File photo. Arif Ali—AFP

There should be no room for violence in Pakistan’s educational institutions

The regular occurrences of violence by Pakistan’s lawyers and doctors can be traced back to their schooling, as seen on Jan. 23, when 15 students of the Punjab University were injured following a clash between two rival groups. Following the violence, police moved in and arrested 196 students—mostly members of the Baloch and Pashtun ethnicities. According to reports, the violence had been brewing for five years with Punjabi students often facing off against their Baloch and Pashtun class fellows at the urging of the Islami Jamiat Tulaba.

During the 1980s, parents in Pakistan had campaigned for an end to student unions across college campuses to save their children from being scarred by violence.

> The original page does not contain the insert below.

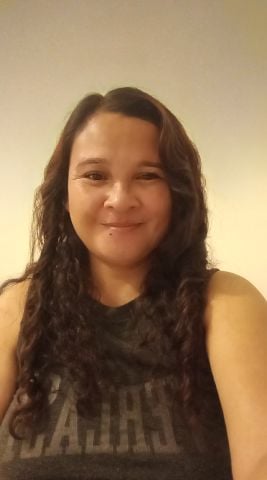 lovelytes49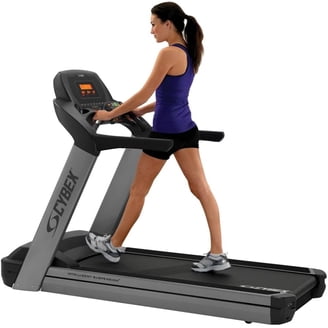 cybex aton 2 Cybex Gazelle S/ Aton 2 Travel System main image 0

Several of Pakistan’s current political lot emerged from such political groups, including the erstwhile leader of the MQM, Altaf Hussain. Then, 35 years ago, General Ziaul Haq banned student politics on college and university campuses. However, despite the ban, the dominance of the Jamaat-e-Islami remained intact in the shape of the Islami Jamiat Tulaba, uncontested by students who had no other unions to represent their majority opinion. The Jamiat produced its “great leaders” like Qazi Husain Ahmad who later played big roles in national politics and military strategy. The unions were gone but the Jamiat was in control of most state-run campuses. University administrations controlled the campuses in tandem with the Jamiat leadership that occasionally defied the Jamaat as well while exercising its extralegal power.

The unions, with a strong presence of “student wings” of political parties, were nothing but trouble and often resulted in violence between students. Because of the dominance of small-city “mufassil” students, who inhabited the hostels and thus became a permanent presence on campuses, the Jamiat controlled the administration through the “ideology” of violence. Today, it has become more menacing because of its “ethnic” nature. The “normal” student has to resort to the private sector to educate himself as state-run universities become less and less competent as teaching institutions. The state must act to clear the campuses of violent hangers-on and open them for genuine students.